Ci-dessus, photo prise dans le hall d’entrée de Lauak à Hasparren, lors de notre RDV avec Mikel Charriton (©bidean)
DOSSIER PARU DANS L’HEBDOMADAIRE MEDIABASK DU 23 OCTOBRE 2025
Créé en 1975 à Hasparren, le Groupe Lauak est emblématique à la fois de l’histoire de l’aéronautique, de ses mutations et des défis actuels. Comment une entreprise basque se retrouve dans les bras d’un géant indien ?
par Filipe Arretz (bidean) et Tidjan Peron (rédacteur en chef de Mediabask)

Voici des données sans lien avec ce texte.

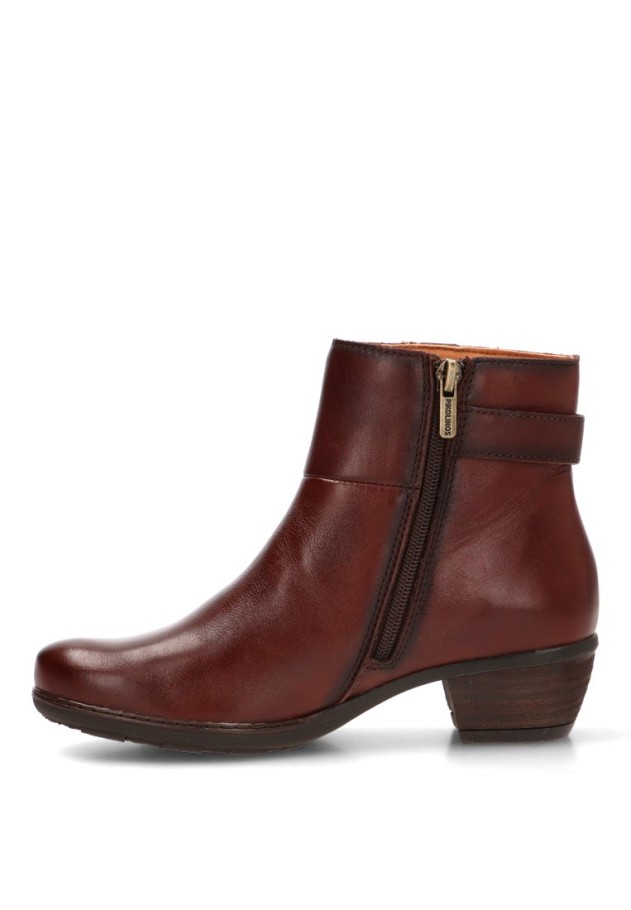 Botín PIKOLINOS W7P-8501 para mujer en piel color cuero con tacón medio y cremallera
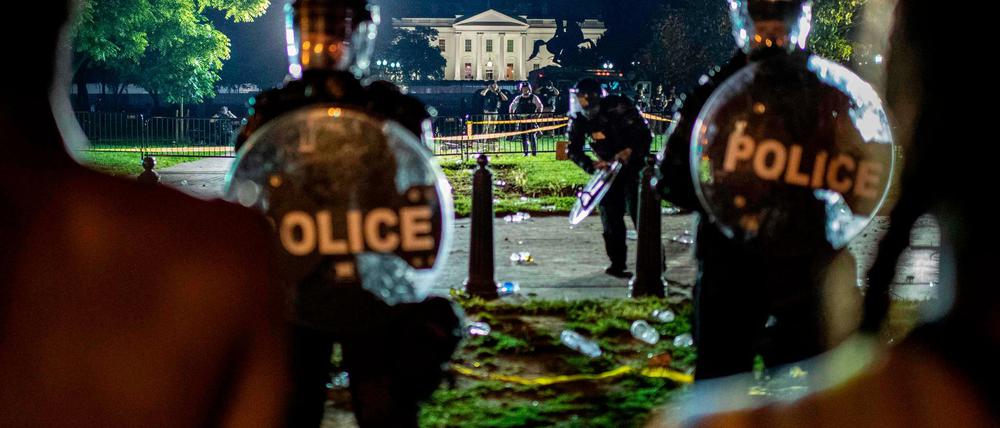 Polizisten und Demonstranten bei Protesten nach dem Tod von George Floyd.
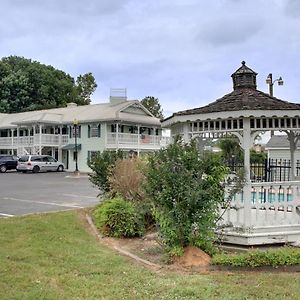 Key West Inn - Lafayette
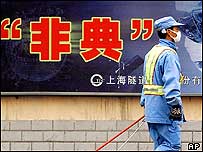 Chinês com máscara protetora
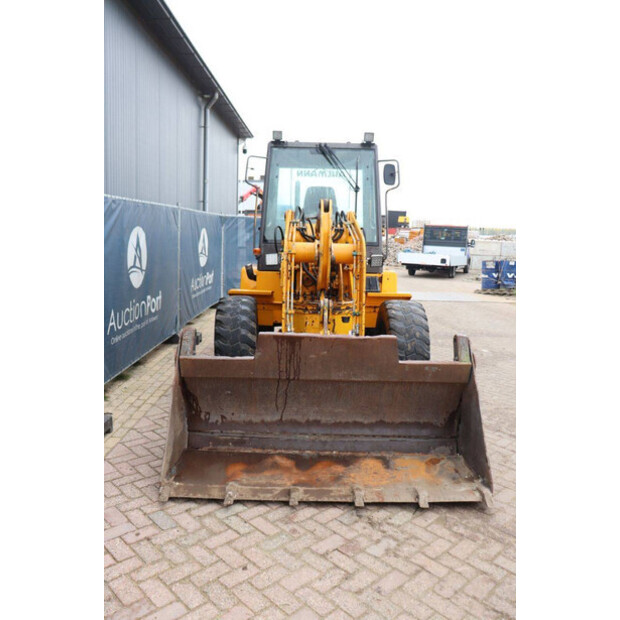 2000 Ahlmann AZ85-42907929
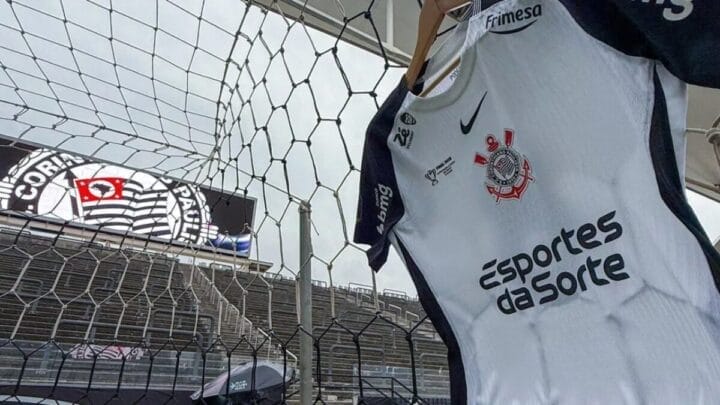 Panorama: Goleiro ganha na Justiça após processar Corinthians em R$ 10 milhões por rescisão de contrato como lateral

Dans quelques jours, quelques semaines tout au plus, la famille Charritton devrait avoir le feu vert de Bercy et céder 51 % du capital du Groupe Lauak au groupe indien Wipro. Le dossier est entre les mains de la direction générale de l’armement, au sein du ministère des Armées – la partie militaire représente entre 3 et 4 % du chiffre d’affaires de Lauak. Puis, il fera l’objet d’un arbitrage par le ministère de l’économie et des finances au titre du contrôle des investissements étrangers en France. Même si des garanties complémentaires pourraient être demandées, l’affaire semble quasiment conclue, selon le patron de Lauak. Wipro a exigé d’être majoritaire comme condition de son investissement, et pour Mikel Charritton, le choix d’un partenaire industriel était une question de pérennité. Lauak a connu une forte croissance ces dernières années. Il a racheté des entreprises pour peser 200 millions d’euros de chiffre d’affaires, avec près de 2 000 emplois au total, répartis entre le Pays Basque (500), le Gers, le Portugal, le Mexique, le Canada et l’Inde. Toujours selon son dirigeant, Lauak vit une “crise de croissance”.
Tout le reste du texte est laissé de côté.